わたしの三面鏡 沢村貞子

名脇役と言われた沢村貞子さんという女優さんのエッセイです。

わたしの三面鏡 (ちくま文庫)

わたしの三面鏡 (ちくま文庫)

途中まで読んでやっと、だいぶ前の作品なんだ、ってことに気が付いたくらい、今読んでも違和感がないエッセイでした。明治女だから、みたいなことがさらりと書いてあって、あれ?って驚いて慌てて色々と確認したくらい。

役者さんは、来る役が変わることで、はっきりと自分の老いをつきつけられる、という面がある、ということも、新しい人に否応なく譲らなければならない、ということも、喉から手が出る程やってみたい役でも、もう自分には合わない、ということがある、ということも、さらりと書いてあるんですけど、長い間やってこられた人だからこそなんだろうなあ、という書かれ方で、逆に、そうか、役者さんってやっぱり厳しいものでもあるんだなあ、ってしみじみと感じました。

女優としてだけでなく、というか、そちらはむしろ少なくて、日々生活しながら沢村さんが感じたことを書かれていて、読みやすかったですし、年を重ねていくということについて書かれていることを読んでいると、人って弱っていく中でどうやって生きていくかは千差万別なんだろうなあ、って感じました。

「いつまでもこの職業をつづけたい、と願うならー寄りかかるものを決してさがさず、転んでもすべっても、何とかひとりで立ち上がり、昨日は昨日、今日は今日とそのときどきの絵を描いてゆくより仕方がない。」
っていう箇所が好きでした。女優さんとしての文だと。日々の暮らしもそう、って書かれてたんですけど、まさにそうだよなあ、って思います。昨日は昨日、今日は今日、って、その日その日に描ける絵を描いていくしかないんだろうなあ。そして、その絵は、別に連作でなくても良くて、昨日と今日、今日と明日で、全く違う色で全く違うものを描いたって良いんじゃないかな、と思います。

「人間の生き甲斐などという高級なものは凡人にはとうてい見つけられないものと、私はとうにあきらめています。
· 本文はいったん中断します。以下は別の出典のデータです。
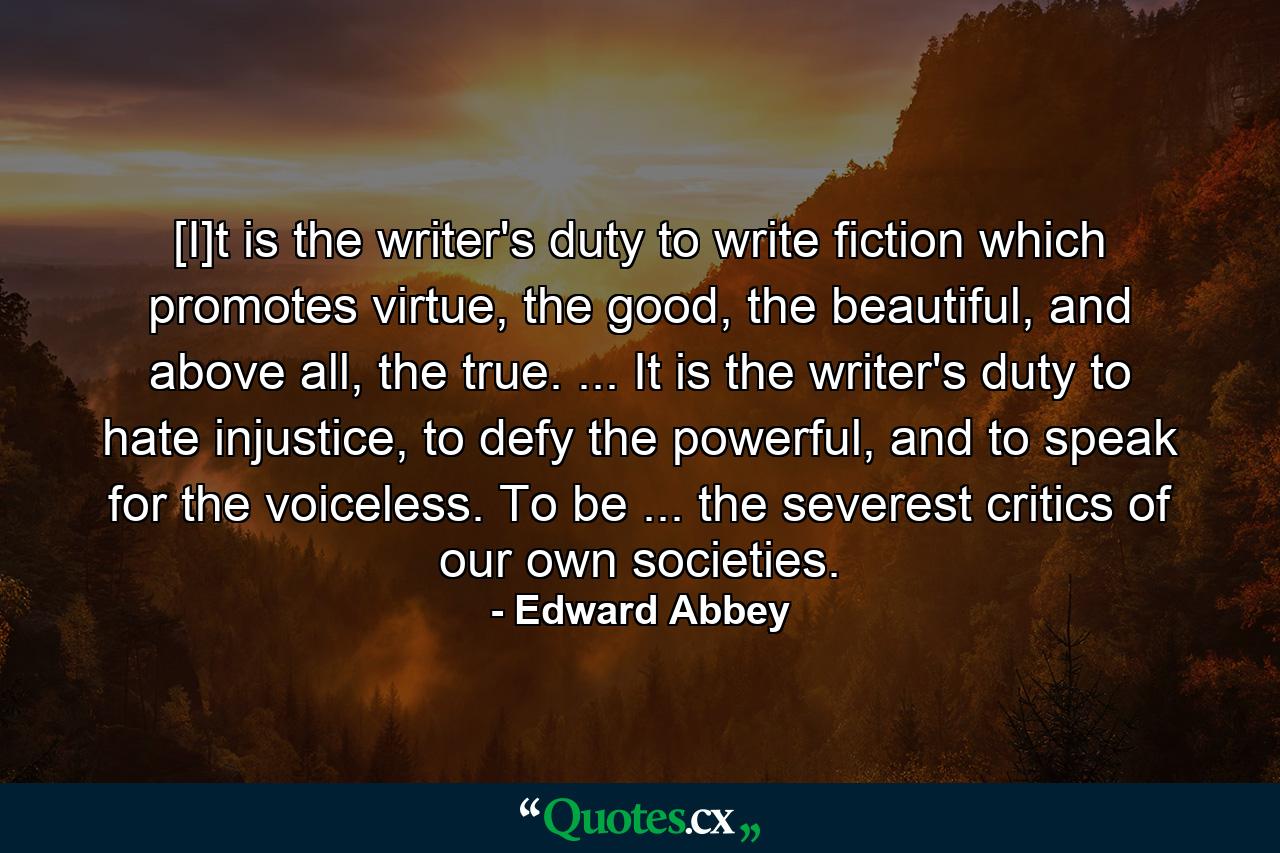 [I]t is the writer's duty to write fiction which promotes virtue, the good, the beautiful, and above all, the true. ... It is the writer's duty to hate injustice, to defy the powerful, and to speak for the voiceless. To be ... the severest critics of our own societies. - Quote by Edward Abbey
強いて言うなら・・・」この後は昨日の生き甲斐はこれが美味しかったことで、とかって続いていくんですが、ここも好きでした。確かに、生き甲斐なんて、高級なものなのかもなあ、って。私は、自分も、生き甲斐なんてあったらあったで重たそうだし、それを失ったときに辛そうだから、無いほうが身軽かな、って思っちゃうほうなので、共感もしました。

それから、ここで紹介されていた立花隆さんの『宇宙からの帰還』は是非読んでみたいな、って思って、読みたい本リストに書き加えました。本当、宇宙に行って地球を見た人って、その後どうするんだろう。これ、実はずっと気になってたことでもあるんですよね。出来るだけ早く手に入れて読んでみたいです。

巻末には、遠藤周作さんとの対談と山田太一さんとの対談もあって、面白かったです。
遠藤さんは、日本人はこの道一筋ということを強調しすぎ。この道二筋でどうしていけないのか。ということをおっしゃってて、これも、目から鱗が落ちるというか、それに近い気持ちになりました。そうだよなあ、って。

今の時代の感覚からしても、沢村さんも遠藤さんも山田さんも全然、古いと感じないことをおっしゃってて、そのことを凄く新鮮に感じましたし、最近は遠のいていたけど、また少し前の時代の本も読もうかな、っていう気持ちになりました。

正直、沢村さんのことは、御名前を聞いたことがある気がする、というくらいで、女優さんだというのも知らなかったので、題名に惹かれて手に取った本だったんですけど、面白かったです。他の作品も読んでみたいと思います。そして何より、今、筑摩書房さんがこれを選んで出す、って凄い気がします。2014年4月、って本当につい最近、改めて出してあるんだよなあ、と思うと、ちょっとグッとくる。筑摩書房さんの本も、もっと読もう、っていう気持ちになりました。

そして、機会があれば、沢村さんの演技の映像も見たいなと思います。